XIIe s. En la cited entrad od forment grant cumpaignie, à cameilz [chameaux] ki porterent especes [épices] e or senz numbre, Rois, 271.

XIIIe s. Force de generation, Por l'espece avoir tous jours vive Par renouvelance naïve, la Rose, 7003.

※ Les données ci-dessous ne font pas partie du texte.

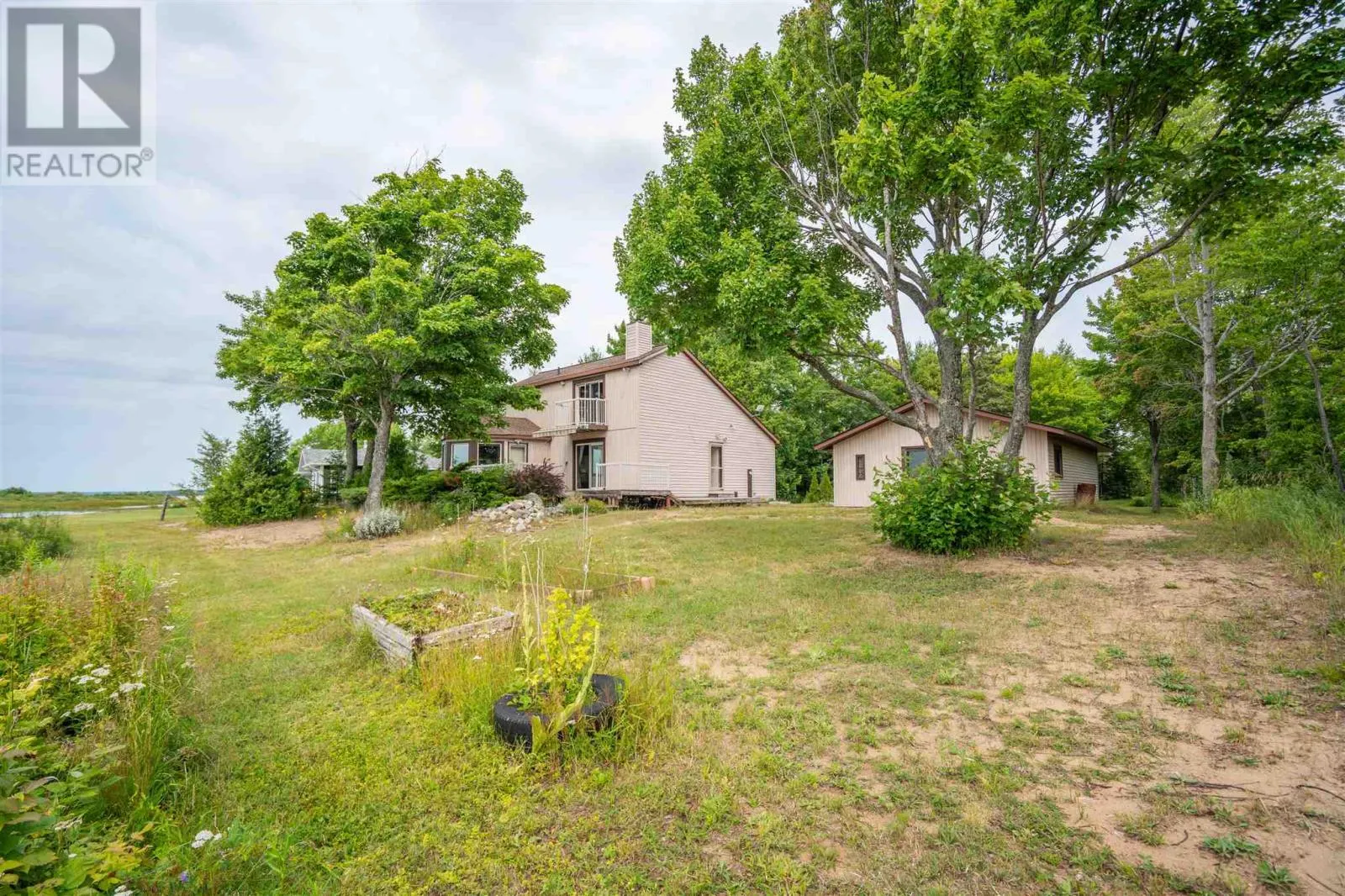 1966 Pineshores RD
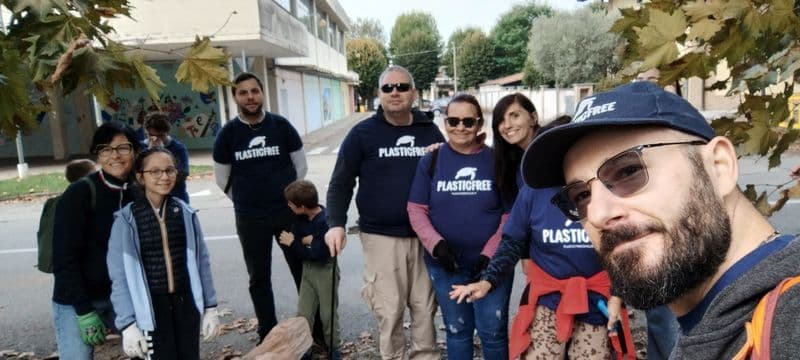 SAN GIUSTO CANAVESE - Plastic Free, volontari portano via la spazzatura - FOTO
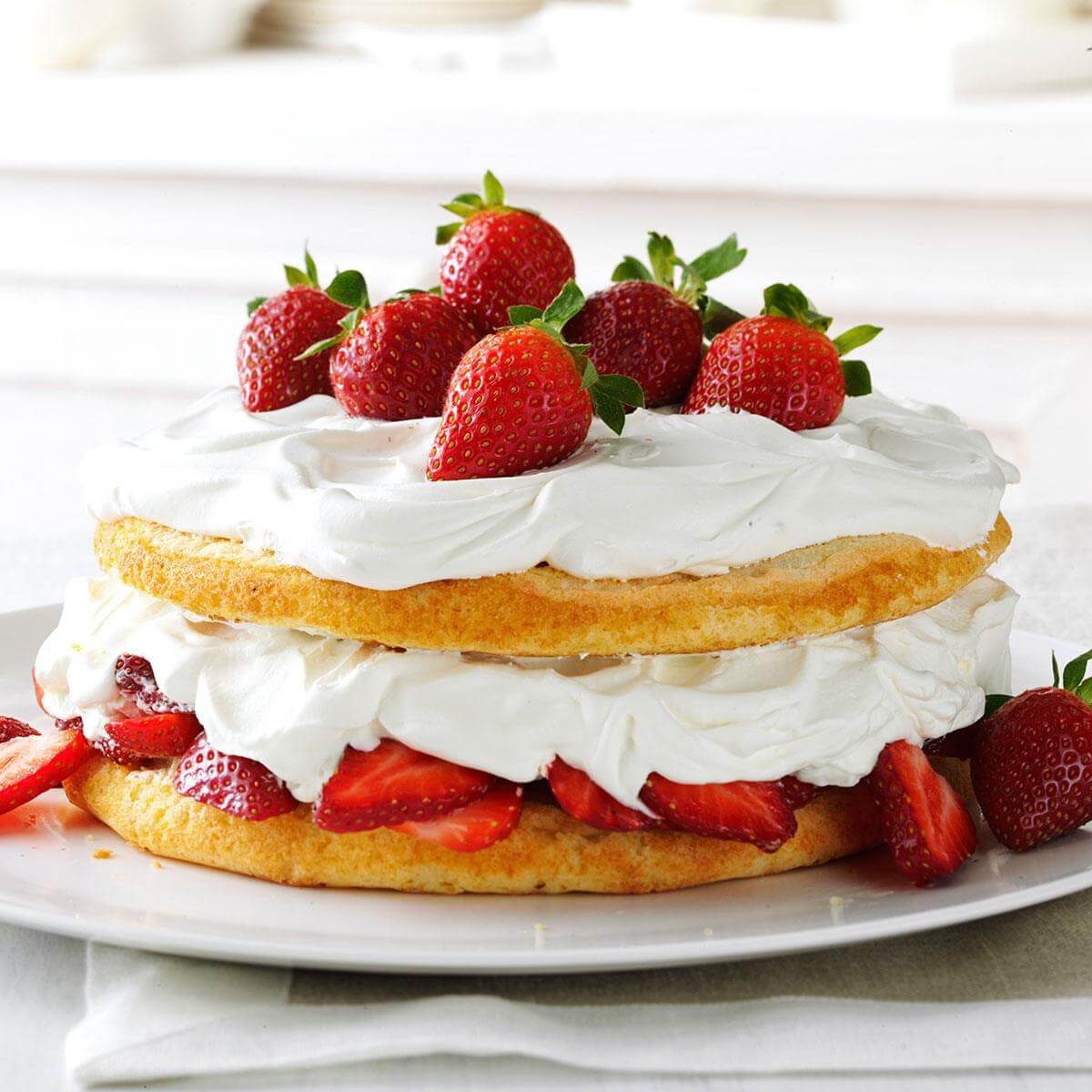 Delaware: Strawberries & Cream Torte 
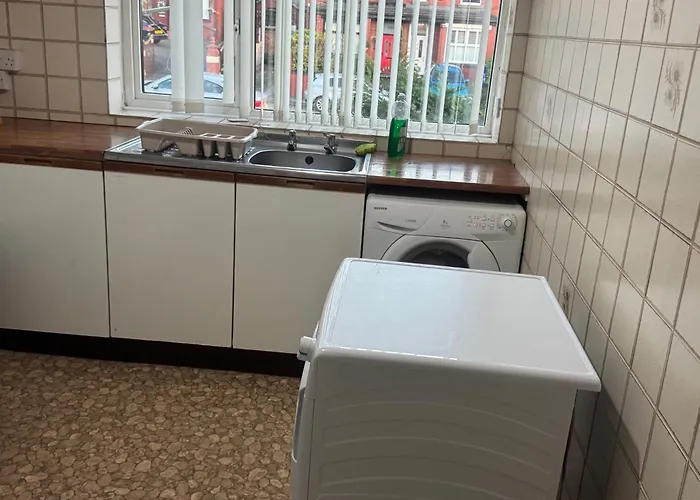 Komegloba Exquisite * Manchester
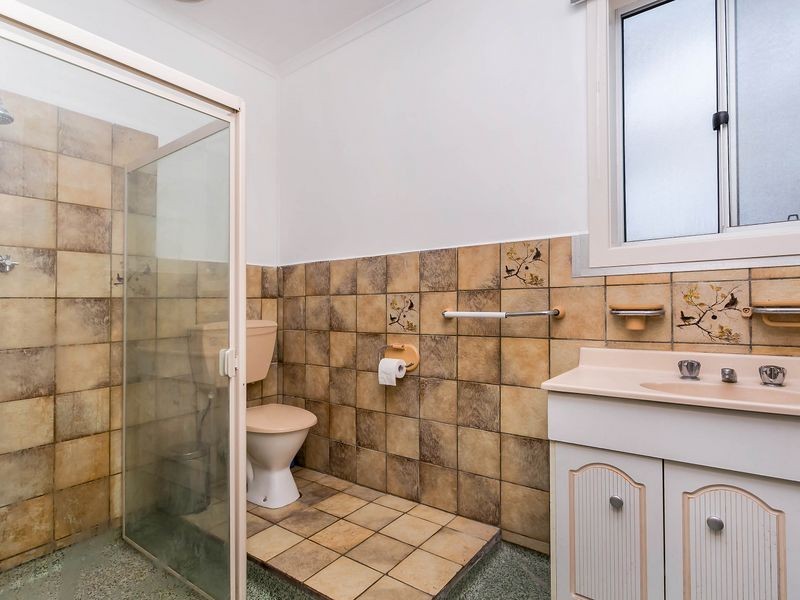 19 Nottingham Crescent, Valley View SA 5093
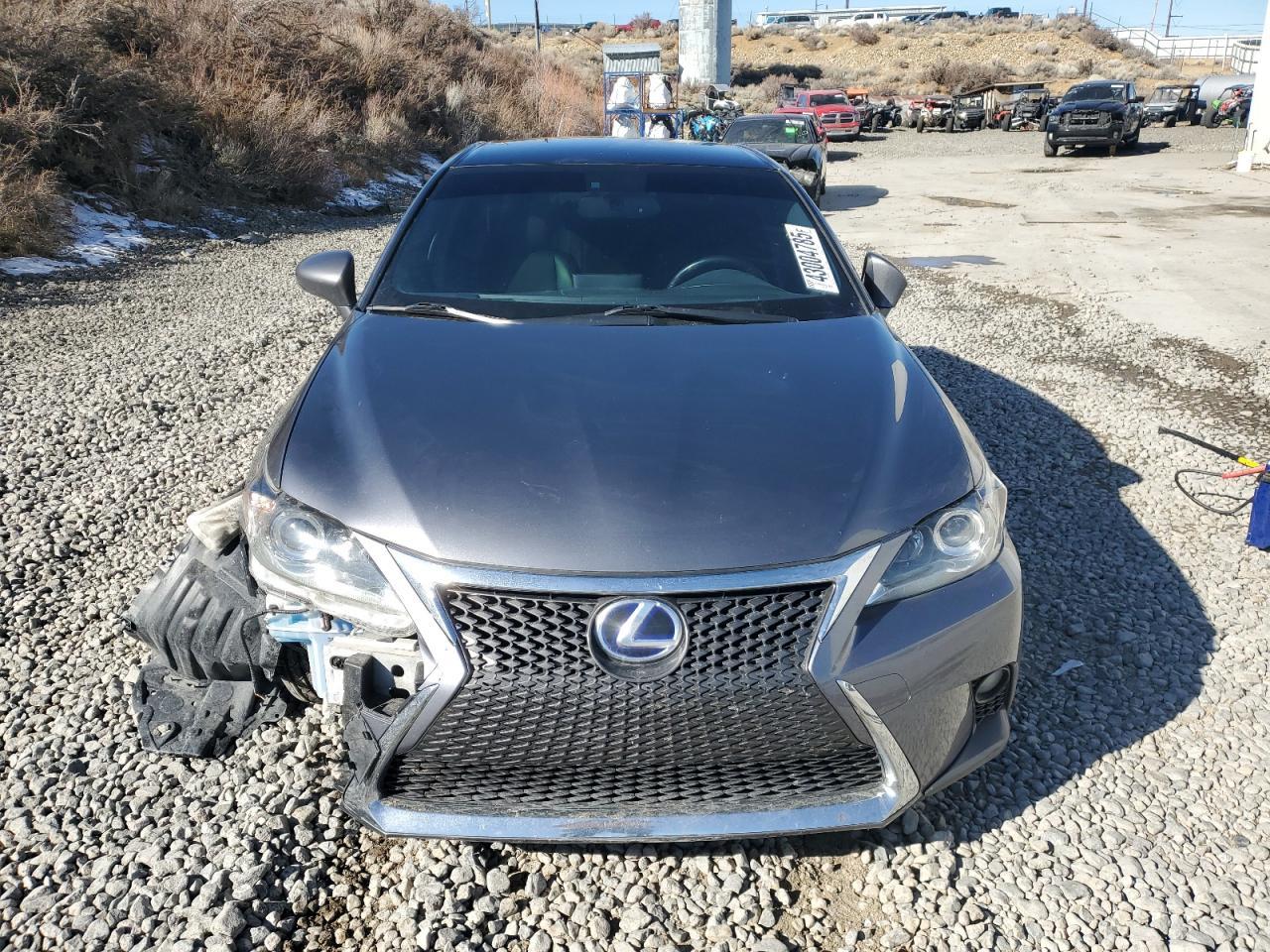 2016 LEXUS CT 200 - Image 5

XIVe s. La vertu ymaginative, laquelle reçoi du sens commun les especes des choses sensibles, H. de Mondeville, f° 15. Les diverses espoisses du spasme, H. de Mondeville, ib. f° 66. Une est pour avoir lignée et pour sauver et continuer humaine espece, Oresme, Eth. 254.

XVe s. Et puisque, par bien et par espece de bien et de humilité, vous estes venu en ce pays, vous soyez le bien venu, Froissart, II, III, 46. Luy presente ses deux mil escuz en or, car en auitre espece ne donnoit jamais argent aux gens estrangers, Commines, VI, 2.

XVIe s. Ainsy, soubz espece d'amitié, Antonius attira Artavasdes, puis le feit lier, Rabelais, Pant. IV, 36. Telle attestation, quand elle est deument faite, est une espece de glorifier Dieu, Calvin, Instit. 289. Ils enseignent de cercher Jesus Christ en l'espece du pain, qu'ils appellent, Calvin, ib. 1103. Ceste espece de magiciens sont reputez estre des bons et secourables, Lanoue, 136. Un sols, demysols, carolus et aultres especes françoyses, Carloix, VI, 8.

ÉTYMOLOGIE

Provenç. especia, specia ; espagn. et portug. especie ; ital. specie ; du latin species, de même radical que spicere, voir (comp. SPECTACLE).